Darrick J. Wong wrote:
[add tytso to cc since he asked about "How do you actually /get/ fsdax
mode these days?" this morning]
On Tue, Oct 25, 2022 at 10:56:19AM -0700, Darrick J. Wong wrote:
On Tue, Oct 25, 2022 at 02:26:50PM +0000, ruansy.fnst@xxxxxxxxxxx wrote:
Nope. Since the announcement of pmem as a product, I have had 15
minutes of acces to one preproduction prototype server with actual
optane DIMMs in them.
I have /never/ had access to real hardware to test any of this, so it's
all configured via libvirt to simulate pmem in qemu:
https://lore.kernel.org/linux-xfs/YzXsavOWMSuwTBEC@magnolia/
/run/mtrdisk/[gh].mem are both regular files on a tmpfs filesystem:
$ grep mtrdisk /proc/mounts
none /run/mtrdisk tmpfs rw,relatime,size=82894848k,inode64 0 0
$ ls -la /run/mtrdisk/[gh].mem
-rw-r--r-- 1 libvirt-qemu kvm 10739515392 Oct 24 18:09 /run/mtrdisk/g.mem
-rw-r--r-- 1 libvirt-qemu kvm 10739515392 Oct 24 19:28 /run/mtrdisk/h.mem
Also forgot to mention that the VM with the fake pmem attached has a
script to do:
ndctl create-namespace --mode fsdax --map dev -e namespace0.0 -f
ndctl create-namespace --mode fsdax --map dev -e namespace1.0 -f
Every time the pmem device gets recreated, because apparently that's the
only way to get S_DAX mode nowadays?
If you have noticed a change here it is due to VM configuration not
anything in the driver.
If you are interested there are two ways to get pmem declared the legacy
way that predates any of the DAX work, the kernel calls it E820_PRAM,
and the modern way by platform firmware tables like ACPI NFIT. The
assumption with E820_PRAM is that it is dealing with battery backed
NVDIMMs of small capacity. In that case the /dev/pmem device can support
DAX operation by default because the necessary memory for the 'struct
page' array for that memory is likely small.

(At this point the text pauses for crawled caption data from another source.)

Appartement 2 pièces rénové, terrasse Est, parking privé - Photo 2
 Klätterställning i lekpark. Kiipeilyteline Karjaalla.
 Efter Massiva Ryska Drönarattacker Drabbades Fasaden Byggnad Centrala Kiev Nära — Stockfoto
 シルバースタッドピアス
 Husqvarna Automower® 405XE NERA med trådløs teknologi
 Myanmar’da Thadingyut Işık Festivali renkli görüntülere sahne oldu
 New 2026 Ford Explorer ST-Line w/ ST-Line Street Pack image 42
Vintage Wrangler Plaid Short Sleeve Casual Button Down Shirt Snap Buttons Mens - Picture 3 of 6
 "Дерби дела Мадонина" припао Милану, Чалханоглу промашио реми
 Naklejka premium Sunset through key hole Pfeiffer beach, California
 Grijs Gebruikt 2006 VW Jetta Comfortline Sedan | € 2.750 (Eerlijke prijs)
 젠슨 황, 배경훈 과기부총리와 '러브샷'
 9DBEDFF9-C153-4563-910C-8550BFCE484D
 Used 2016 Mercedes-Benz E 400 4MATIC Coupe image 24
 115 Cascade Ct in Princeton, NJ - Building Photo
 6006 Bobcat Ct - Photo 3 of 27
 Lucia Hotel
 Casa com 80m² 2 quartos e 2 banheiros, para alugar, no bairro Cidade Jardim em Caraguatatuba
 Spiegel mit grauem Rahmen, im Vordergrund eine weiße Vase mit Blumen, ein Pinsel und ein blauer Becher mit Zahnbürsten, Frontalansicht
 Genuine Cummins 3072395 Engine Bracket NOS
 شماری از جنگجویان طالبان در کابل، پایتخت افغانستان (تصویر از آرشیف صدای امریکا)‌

Platform firmware defined PMEM can be terabytes. So the driver does not
enable DAX by default because the user needs to make policy choice about
burning gigabytes of DRAM for that metadata, or placing it in PMEM which
is abundant, but slower. So what I suspect might be happening is your
configuration changed from something that auto-allocated the 'struct
page' array, to something that needed those commands you list above to
explicitly opt-in to reserving some PMEM capacity for the page metadata.